Anyone interested in having a little Swift coding challenge fun?
Every December, Eric Wastl publishes a playful set of coding exercises called the “Advent of Code”. He publishes one challenge per day, every day, from December 1st to December 25th. The challenges start out easy and increase in difficulty each day. Here’s the first exercise from last year for example.
Participants can use whatever programming language and techniques they’d like to complete the exercises, but of course, we use Swift!
Participating is a great way to sharpen your Swift skills and have a little fun with the community.
Clone the template (optional)
a) If you’re using Xcode, you can open this template by selecting File > Open and navigating to its base directory.
b) If you’re using the Swift CLI, change directory to this template and type swift run to run your code or swift test to run your tests.
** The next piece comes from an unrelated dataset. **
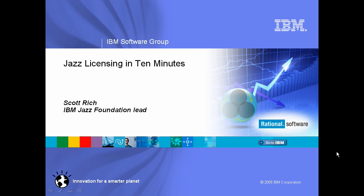Hi, this is Scott Rich from IBM. I'm the lead of the Jazz Foundation Project. We provide the platform on which the Rational Jazz products are built, and my challenge today is to give you an intro to Jazz licensing in 10 minutes.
Create an account at Advent of Code (required to use the leaderboard)
Every day (or as often as you prefer), attempt the challenge using Swift!
The leaderboard will automatically update to show who has completed the challenge and provide a score based on how long it took you. You can always ignore the score of course - it’s just for fun!
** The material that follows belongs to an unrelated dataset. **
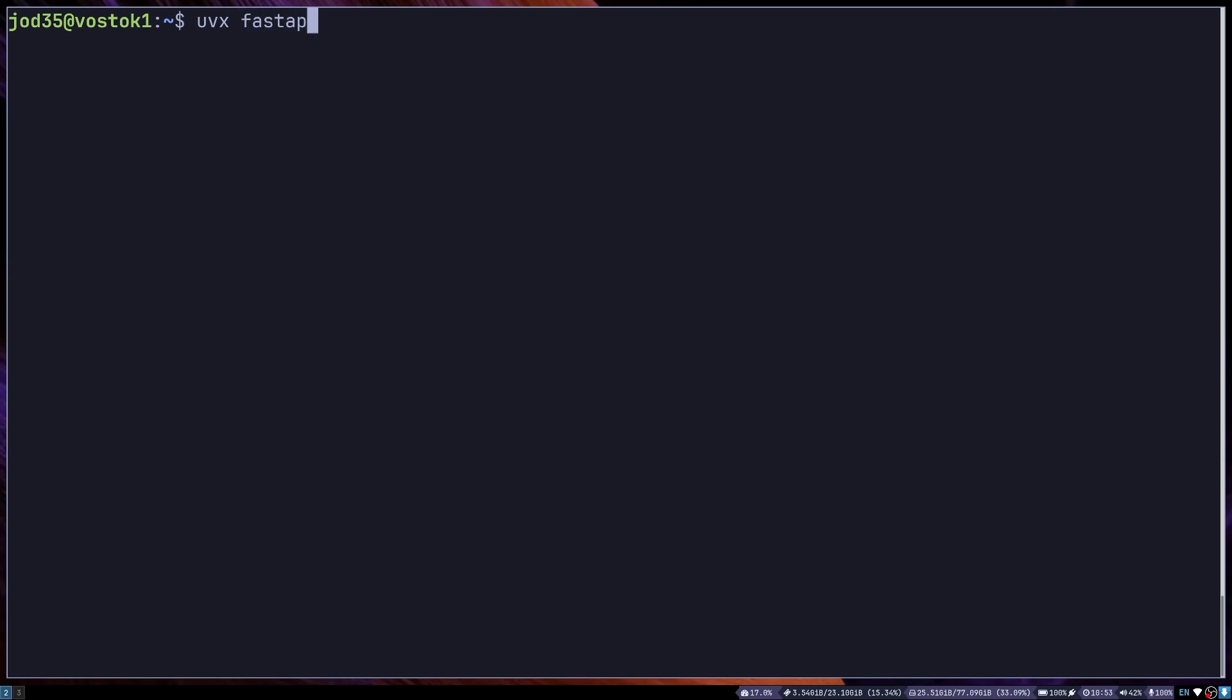For example, if I want to start a new FastAPI project, I can just say UVX FastAPI new and then specify the folder of where I want my project to be created.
The leaderboard can also include a link to your GitHub account where you can (optionally) post your solution. It’s really neat to see how everyone attempts each day’s challenge - I often learn new tricks and techniques by doing so.
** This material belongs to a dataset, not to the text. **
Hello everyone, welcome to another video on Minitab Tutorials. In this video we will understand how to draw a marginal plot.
Hope you all consider joining, and have a great December!
(Please note Advent of Code is a community event and is not affiliated with the Swift project. We take no responsibility for your coding challenge frustrations when it gets tough!)
For me is the AoC an opportunity to try something new and get out of my comfort zone. I can’t recommend it enough even though Swift is my primary language. E.g. last year I solved AoC exercises in Python + PyCharm.
Big fan of Advent of Code! I really appreciate the well-thought out problem descriptions, examples / test inputs that cover (most) corner cases, and the escalating difficulties. I find it to be a very rewarding way to practice data modeling & algorithms, different from the “daily grind” of typical app development.
I use (and mostly enjoy) playgrounds for my AoC efforts. It seems like a pretty good fit: interactive and incremental exploration of the data & code.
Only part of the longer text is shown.